Caring for kids and aging parents? Manage invisible labor, set boundaries, and prioritize joy to protect your mental health this holiday season.
Surviving the Sandwich Generation: Managing Holiday Stress and Invisible Labor
Caring for young children while also supporting aging parents puts you squarely in the “Sandwich Generation.” It’s a uniquely challenging place to be, and the invisible mental load that comes with it can take a toll on your mental health. Research shows that parental anxiety, depression, social isolation, chronic fatigue, and burnout are at an all-time high, with parental loneliness surging like never before.
Holidays can amplify these challenges, triggering old patterns of behavior and leaving you stretched even thinner. But with awareness, boundaries, and intentional choices, you can reclaim joy and protect your mental health.
The Weight of Invisible Labor
In the 1980s, anthropologists identified “invisible labor,” the unacknowledged work often carried out by caregivers. This includes tasks like:
- Planning and preparing meals
- Buying, wrapping, and sending gifts
- Feeling guilt over cutting time-consuming traditions
- Negotiating family conflicts
- Planning calls and visits
- Sending holiday cards
These tasks may seem small, but together, they create an overwhelming mental load that’s exhausting and emotionally draining.
Setting Boundaries
Holidays often trigger old reactions and behaviors, making it easy to revert to childhood roles and patterns. Setting boundaries can help you manage this dynamic while prioritizing your well-being.
Here’s how to reframe common holiday requests:
-
Instead of: “Sure, I’ll wrap those presents you sent the kids.”
Try: “You can send them unwrapped, but this year, I’m not going to be wrapping any unwrapped presents.” -
Instead of: “I didn’t get your holiday card in the mail!”
Try: “We dropped that tradition. It’s giving us the space to enjoy the holidays more.” -
Instead of: “Come hug your auntie!”
Try: [To your child] “How do you want to greet Aunt Rose? You can give her a hug or wave from there.” -
Instead of: “Can't you just skip his nap?”
Try: “We know what works for us.” -
Instead of: “Why don’t we make gingerbread houses? My friends do.”
Try: “You’re right, some families make gingerbread houses. That’s not one of our traditions.”
Tips for Protecting Your Energy
- Assess traditions: Let go of rituals that no longer work for you. Focus on those that bring joy and connection.
- Set boundaries: Decide where to be flexible and where to hold firm.
- Use a schedule: Managing expectations can reduce stress for everyone.
- Accept help: Whether it’s a meal, child care, or an errand, take what’s offered.
Managing Children’s Behavior
The holidays can also be tough on kids. Communicate openly with them and consider their temperament. Try these approaches:
- Set expectations: “I know Grandma’s house can feel strange sometimes, but we’re going to try and make it cozy.”

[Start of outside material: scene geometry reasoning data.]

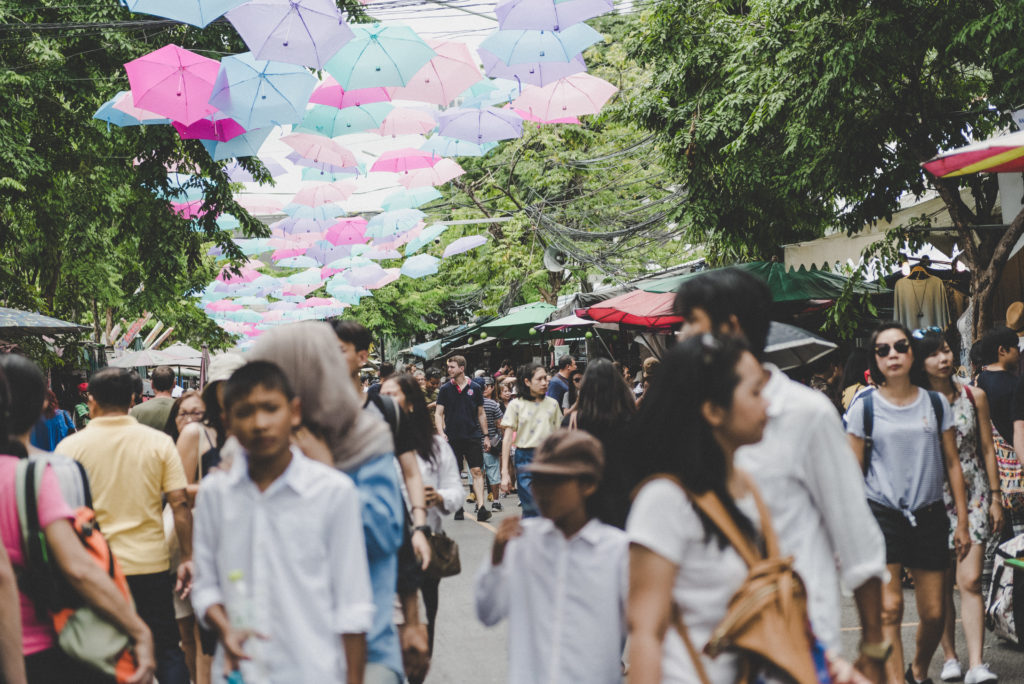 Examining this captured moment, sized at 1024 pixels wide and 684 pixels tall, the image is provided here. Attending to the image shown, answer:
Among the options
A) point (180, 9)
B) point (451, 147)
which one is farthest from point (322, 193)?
point (180, 9)

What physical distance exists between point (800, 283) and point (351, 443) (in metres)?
9.80

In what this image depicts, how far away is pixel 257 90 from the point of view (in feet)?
36.6

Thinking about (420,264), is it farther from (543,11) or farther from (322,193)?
(543,11)

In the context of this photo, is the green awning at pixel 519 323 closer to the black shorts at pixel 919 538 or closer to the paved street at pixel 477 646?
the paved street at pixel 477 646

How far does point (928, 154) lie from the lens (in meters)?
10.8

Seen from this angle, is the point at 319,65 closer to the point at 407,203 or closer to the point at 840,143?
the point at 840,143

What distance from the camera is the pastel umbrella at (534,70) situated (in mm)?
11923

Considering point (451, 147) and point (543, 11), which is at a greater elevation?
point (543, 11)

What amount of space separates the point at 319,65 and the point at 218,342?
34.3 metres

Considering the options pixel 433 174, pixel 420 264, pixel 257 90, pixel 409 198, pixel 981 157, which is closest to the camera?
pixel 981 157

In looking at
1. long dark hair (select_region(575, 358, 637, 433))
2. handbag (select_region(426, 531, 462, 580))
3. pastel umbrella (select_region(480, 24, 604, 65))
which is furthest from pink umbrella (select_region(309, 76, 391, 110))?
handbag (select_region(426, 531, 462, 580))

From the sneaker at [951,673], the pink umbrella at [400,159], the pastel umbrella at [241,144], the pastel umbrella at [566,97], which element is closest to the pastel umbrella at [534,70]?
the pastel umbrella at [566,97]

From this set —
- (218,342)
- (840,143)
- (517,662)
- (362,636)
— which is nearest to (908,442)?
(517,662)

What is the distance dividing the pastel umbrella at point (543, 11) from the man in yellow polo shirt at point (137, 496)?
6.61 m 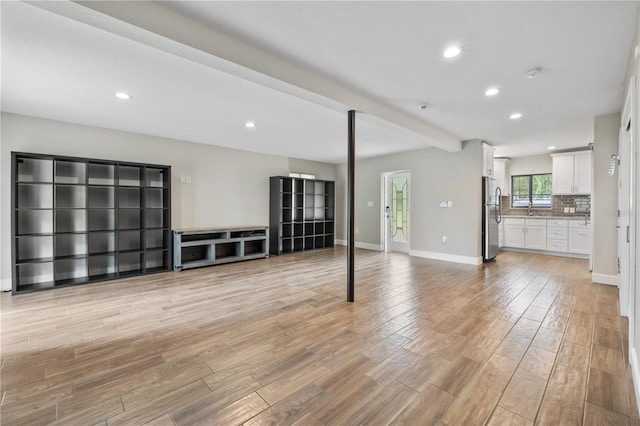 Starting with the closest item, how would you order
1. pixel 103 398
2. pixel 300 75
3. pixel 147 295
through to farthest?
1. pixel 103 398
2. pixel 300 75
3. pixel 147 295

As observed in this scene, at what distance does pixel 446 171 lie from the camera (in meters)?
5.88

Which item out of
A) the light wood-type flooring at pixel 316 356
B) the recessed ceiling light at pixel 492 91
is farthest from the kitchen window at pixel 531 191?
the recessed ceiling light at pixel 492 91

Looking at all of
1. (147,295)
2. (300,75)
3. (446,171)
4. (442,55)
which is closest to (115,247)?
(147,295)

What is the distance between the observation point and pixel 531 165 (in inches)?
277

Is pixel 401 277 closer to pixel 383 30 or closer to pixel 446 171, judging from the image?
pixel 446 171

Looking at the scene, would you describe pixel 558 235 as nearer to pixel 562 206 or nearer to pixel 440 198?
pixel 562 206

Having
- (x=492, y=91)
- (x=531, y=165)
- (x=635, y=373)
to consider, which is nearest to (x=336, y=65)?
(x=492, y=91)

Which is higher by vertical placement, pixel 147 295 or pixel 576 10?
pixel 576 10

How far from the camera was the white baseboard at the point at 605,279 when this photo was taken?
3887 millimetres

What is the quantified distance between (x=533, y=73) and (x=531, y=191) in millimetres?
5622

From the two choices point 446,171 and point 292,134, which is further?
point 446,171

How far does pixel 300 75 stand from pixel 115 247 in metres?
4.07

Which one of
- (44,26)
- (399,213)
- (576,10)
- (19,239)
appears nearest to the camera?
(576,10)

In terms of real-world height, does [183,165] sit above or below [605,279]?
above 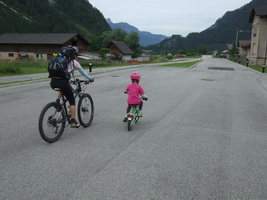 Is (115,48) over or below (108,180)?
over

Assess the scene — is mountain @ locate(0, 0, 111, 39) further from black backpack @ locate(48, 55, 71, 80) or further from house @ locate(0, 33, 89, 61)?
black backpack @ locate(48, 55, 71, 80)

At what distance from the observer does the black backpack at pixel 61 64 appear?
469cm

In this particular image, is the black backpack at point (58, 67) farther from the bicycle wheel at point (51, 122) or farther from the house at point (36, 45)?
the house at point (36, 45)

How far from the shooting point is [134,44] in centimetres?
8856

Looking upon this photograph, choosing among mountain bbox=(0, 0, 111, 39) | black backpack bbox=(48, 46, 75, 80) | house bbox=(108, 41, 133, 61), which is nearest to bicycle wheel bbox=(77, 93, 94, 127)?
black backpack bbox=(48, 46, 75, 80)

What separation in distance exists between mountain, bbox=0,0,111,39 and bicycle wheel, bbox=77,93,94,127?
105m

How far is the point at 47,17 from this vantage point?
129875mm

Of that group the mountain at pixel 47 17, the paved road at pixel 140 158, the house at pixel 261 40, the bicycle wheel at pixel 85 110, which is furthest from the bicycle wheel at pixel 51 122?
the mountain at pixel 47 17

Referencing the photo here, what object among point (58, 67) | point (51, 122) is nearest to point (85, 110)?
point (51, 122)

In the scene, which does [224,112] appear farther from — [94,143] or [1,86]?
[1,86]

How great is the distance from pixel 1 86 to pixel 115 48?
64893 mm

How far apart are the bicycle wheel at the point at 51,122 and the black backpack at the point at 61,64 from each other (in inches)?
23.2

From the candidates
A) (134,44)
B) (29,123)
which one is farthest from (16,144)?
(134,44)

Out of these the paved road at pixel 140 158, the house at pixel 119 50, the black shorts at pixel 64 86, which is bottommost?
the paved road at pixel 140 158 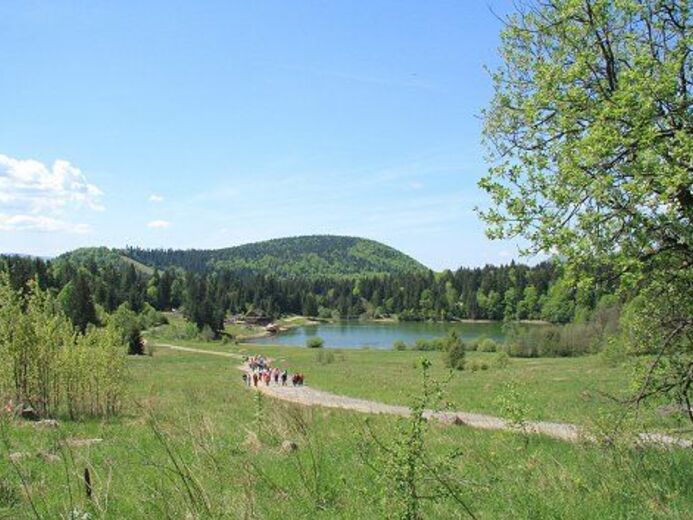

- Acknowledge differences: “Your cousins may have different rules about screens. Let’s find something that works for everyone.”
- Adapt plans: “We’ll skip the museum since the kids aren’t into it, but we’ll meet for lunch afterward.”
- Hold firm: Whatever limits you set, stand by them to create a sense of consistency and security for your family.
Find Joy in the Moment
Amid the hustle, remember what matters most: connection. Try these strategies to center joy:
- Build community and lean on others.
- Focus on experiences you love, not picture-perfect Instagram posts.
- Practice forgiveness—for yourself and others.
- Prioritize the present moment.
The holidays don’t have to feel overwhelming. By setting boundaries and managing expectations, you can protect your mental health while creating meaningful, joyful connections with those you care about most.